→ TASK ITEM
Restate all of the records below exactly. Do not carry over any image.

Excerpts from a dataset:
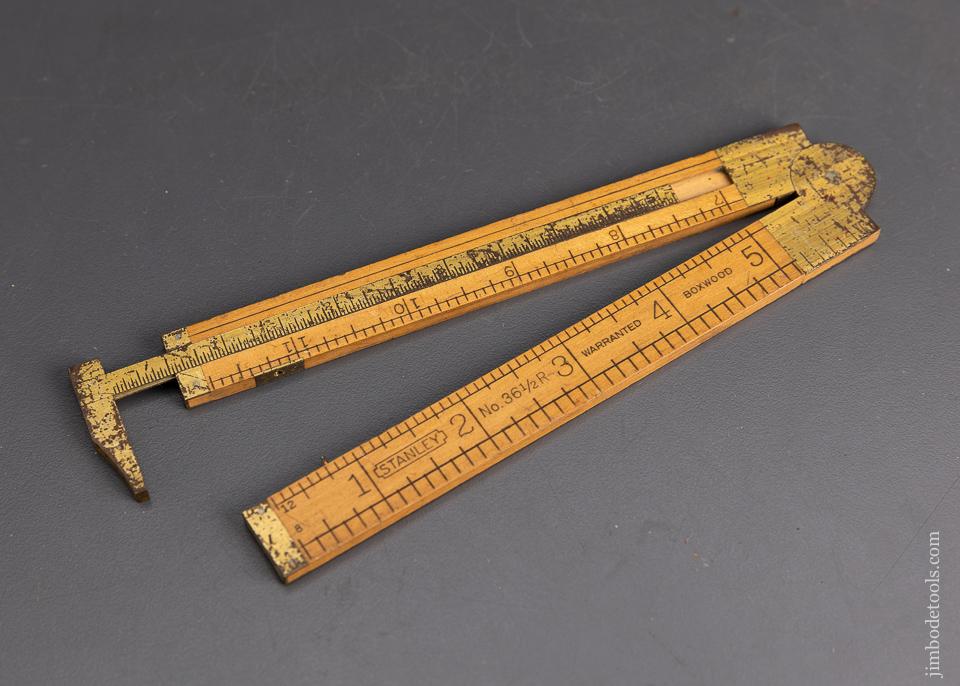 Fine STANLEY No. 36 1/2R Boxwood Caliper Rule - 95854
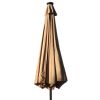 AZ Patio Heaters Solar Market Umbrella with LED Lights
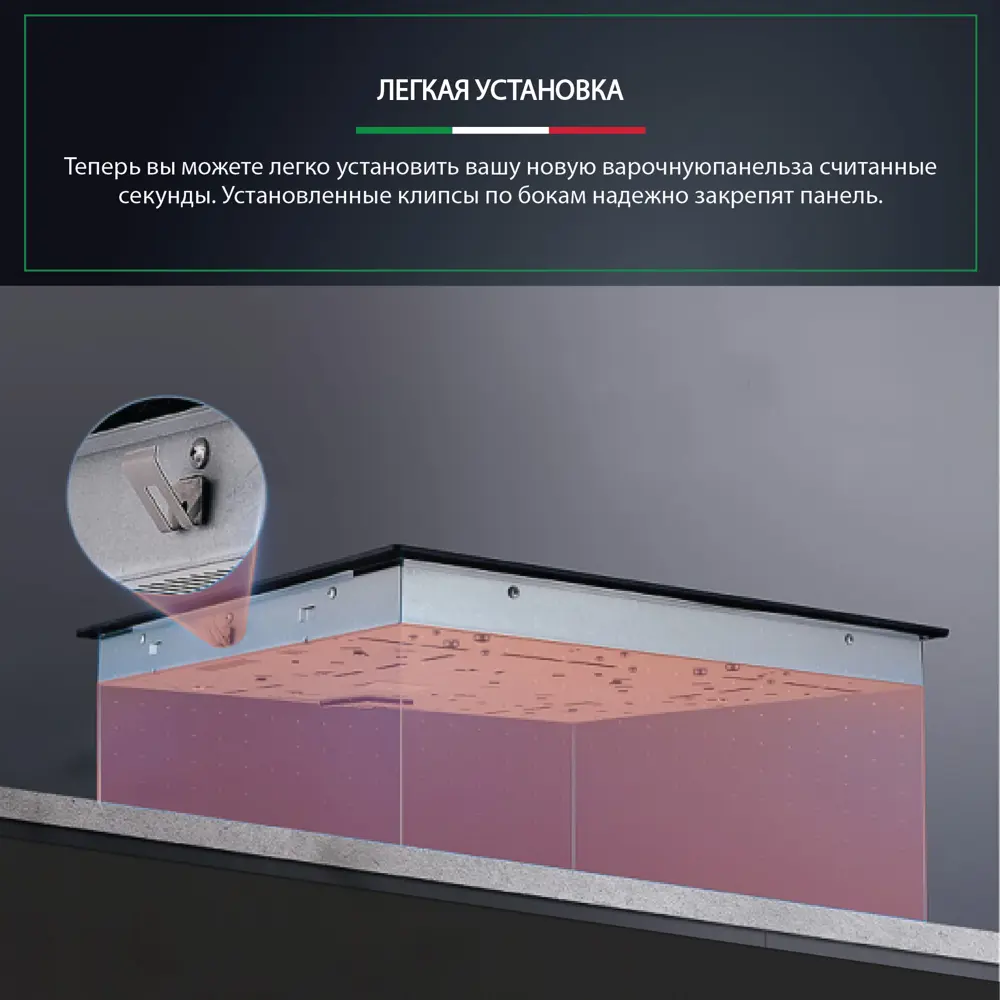 Фото 8 Электрическая варочная панель Ardo VCM64BT2 59 см 4 конфорки цвет черный Фото 8 Электрическая варочная панель Ardo VCM64BT2 59 см 4 конфорки цвет черный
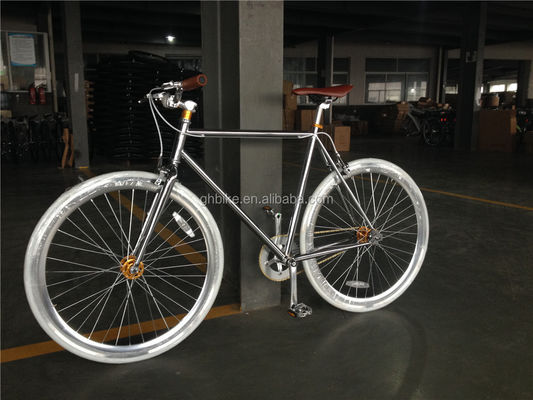 Wellgo Pedal Ausgestattet Vintage Fixie Fixed Gear Bike Eine nostalgische Fahrt für die moderne Zeit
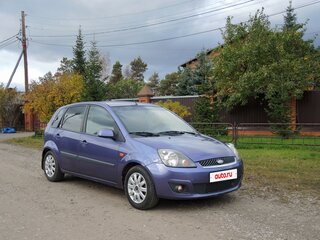 2006 Ford Fiesta Mk5, фиолетовый, 299000 рублей, вид 2
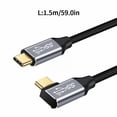 thumbnail image 2 of Type C Male To Male Data Cable 100W 5A Fast Charge USB3.1Gen2 Dual Male 4K Screen Projection Video Cable, 2 of 2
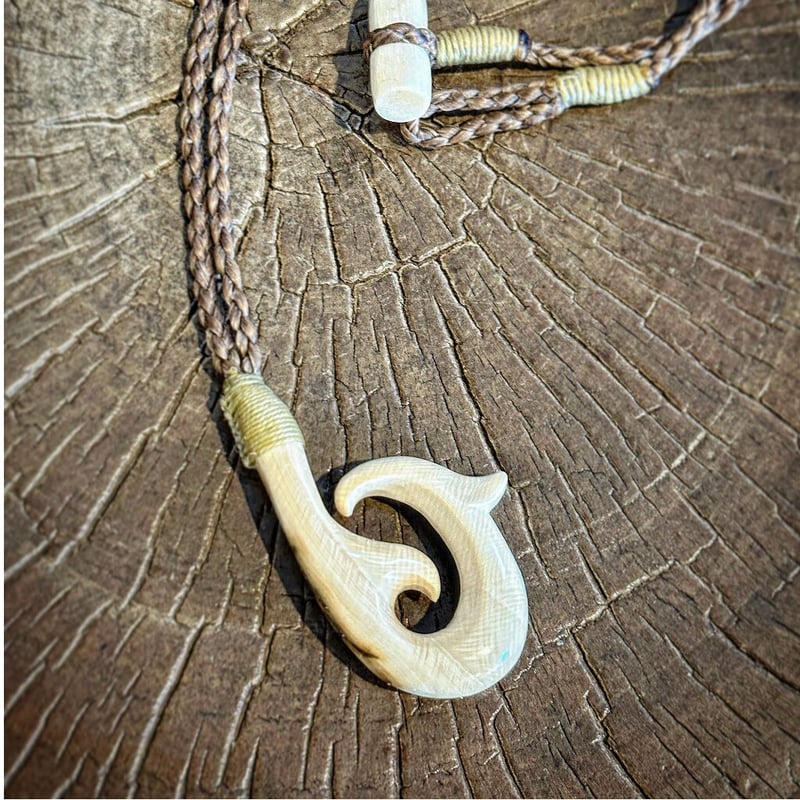 ボーンカービング マンモス牙HOOK MT-193 | Ocean's Bone Carvings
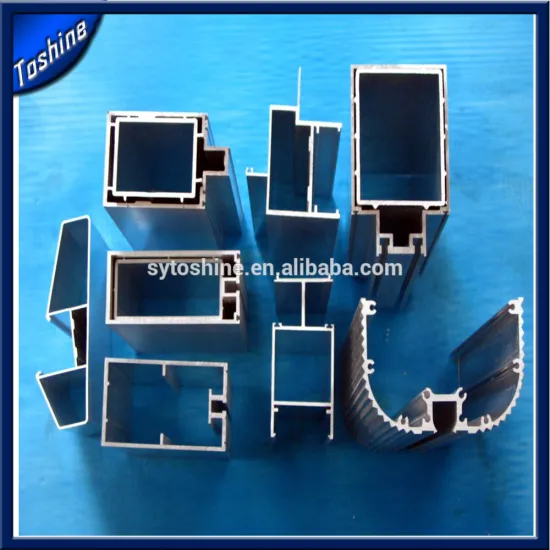 aluminium curtain section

→ RESULT OF THE TASK
 Fine STANLEY No. 36 1/2R Boxwood Caliper Rule - 95854
 AZ Patio Heaters Solar Market Umbrella with LED Lights
 Фото 8 Электрическая варочная панель Ardo VCM64BT2 59 см 4 конфорки цвет черный Фото 8 Электрическая варочная панель Ardo VCM64BT2 59 см 4 конфорки цвет черный
 Wellgo Pedal Ausgestattet Vintage Fixie Fixed Gear Bike Eine nostalgische Fahrt für die moderne Zeit
 2006 Ford Fiesta Mk5, фиолетовый, 299000 рублей, вид 2
 thumbnail image 2 of Type C Male To Male Data Cable 100W 5A Fast Charge USB3.1Gen2 Dual Male 4K Screen Projection Video Cable, 2 of 2
 ボーンカービング マンモス牙HOOK MT-193 | Ocean's Bone Carvings
 aluminium curtain section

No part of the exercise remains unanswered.